I spend most of my time, most of my days, in front of my computer. Its where I write, game, watch television, check the market, and on and on goes the list of things you can do with an internet connection and some hardware. Something I’ve noticed lately, though, is that I don’t actually use my time very effectively when I should be, and I’ve begun to figure out that that’s got a lot to do with how I perceive the value of the odd hour spent in front of my PC.
To explain a bit, what I mean is that, as apposed to the value of an hour as I see it when I’m, say, exercising, an hour that passes by when I’m writing feels the same as the hour I spend when I’m playing League. And the hour I spend watching Youtube guides on how to properly cook 50 cents worth of ramen blurs itself in with the hour I spend editing a video. Clearly, these things shouldn’t be weighted equally. An hour of good, meaningful work will feel, should feel, more rewarding than five hours of pinging for a gank.

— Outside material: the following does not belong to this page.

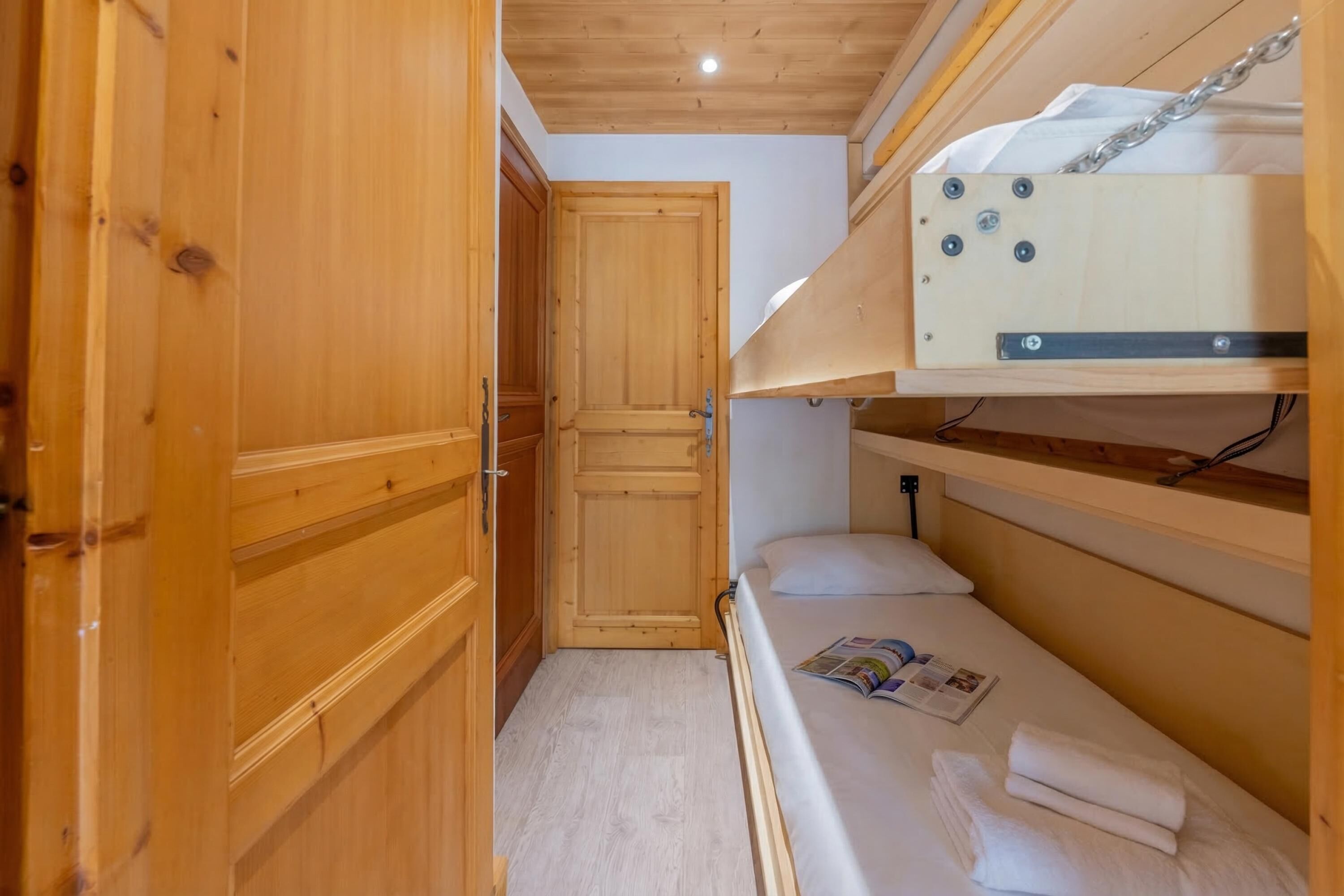 A compact room with a bunk bed, wooden wardrobe, and a door leading to another room.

And yet, those hours, as long as I do a little bit of all those things, tend to mix and dilute their importance with each other. If I write articles for thirty minutes, write an email, and then play Dead by Daylight for the next 10 hours, I know that I didn’t spend my time wisely. And yet, I feel like I still got a lot done, since I don’t remember playing games for 10 hours and doing actual work for 1. I remember doing all of them over the course of 11 hours, and that’s, more or less, good enough to lull my brain into being okay with how terrible of a habit that is.
And here’s where I’d like introduce my topic for today: consoles. Specifically, console gaming. These days, most people understand that PC gaming is pretty much the best way to play video games as long as you are prepared to do a little research on the hardware you want before hand. The accessibility to games is unmatched by any of the major consoles, playing online comes free with your ISP, and the performance-ceiling at which those games can run is much higher than any console is reasonably going to be able to compete with. But all of that, I think, pales in comparison, for the average person, to the benefits of having a console at the ready.
Ease of access (save for this PS5 debacle going on), exclusives, and the ability to play local multiplayer with friends and family without needing two 600 dollar devices are some of the more commonly cited reasons to own a console today. Ignoring those, I think there’s one big reason why anyone who likes video games should own at least one major console in their living space: Detachment.
Having an area, a time, and (crucially) a single, separate device to sit down and play a game on is imperative for someone who is at home often for ensuring their aware of exactly what and how they’re spending their time. The difference between sitting down and messing around on a device that’s meant for gaming and messing around on a device that you do your work on is perception. The differences between those two activities begin to blur, and ultimately hurt the user in the long run, even if theoretically he or she could have taken steps to try and prevent that from happening. Its unavoidable, like having a TV on in front of your bed every night and soon being unable to sleep without also watching some TV first.
Hell, even if you don’t do your work over a computer, simply having something that’s designated for the sole purpose of entertainment helps keep the mind concentrated on what its supposed to be doing at any given time when not using that device. Its a worthy point to consider if you’re on the fence about buying one of the new generation consoles, if you, indeed, are able to buy one within the next decade.